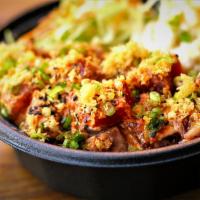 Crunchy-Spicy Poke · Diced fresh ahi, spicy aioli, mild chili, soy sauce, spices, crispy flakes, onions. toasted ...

--

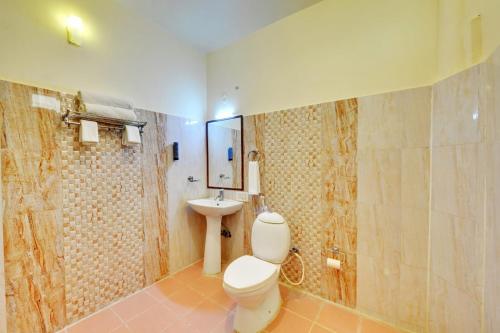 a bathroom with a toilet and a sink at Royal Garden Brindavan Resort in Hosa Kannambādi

...

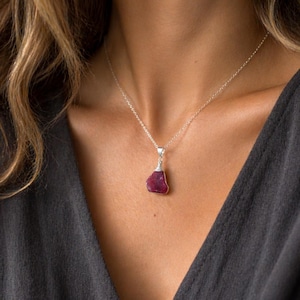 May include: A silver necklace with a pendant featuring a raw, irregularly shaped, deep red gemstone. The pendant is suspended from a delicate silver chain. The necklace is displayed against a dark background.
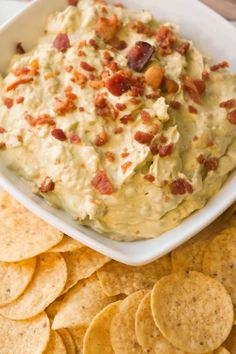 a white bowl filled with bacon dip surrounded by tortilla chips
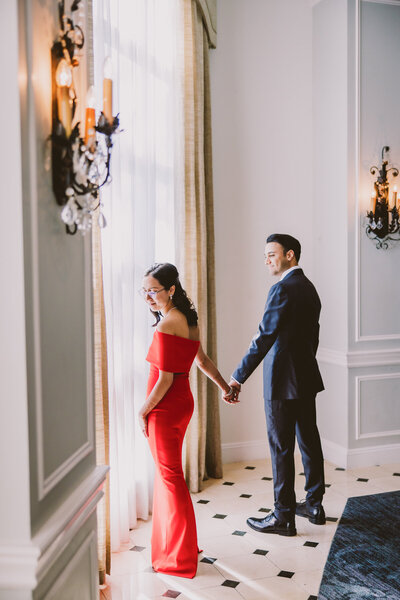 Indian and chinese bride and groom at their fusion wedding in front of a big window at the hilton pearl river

• **Work item**
Beginning with the line that contains "May include: A" and ending with the line that contains "a white bowl", reproduce the listing exactly, pictures excluded.

• **Answer for the task**
 May include: A silver necklace with a pendant featuring a raw, irregularly shaped, deep red gemstone. The pendant is suspended from a delicate silver chain. The necklace is displayed against a dark background.
 a white bowl filled with bacon dip surrounded by tortilla chips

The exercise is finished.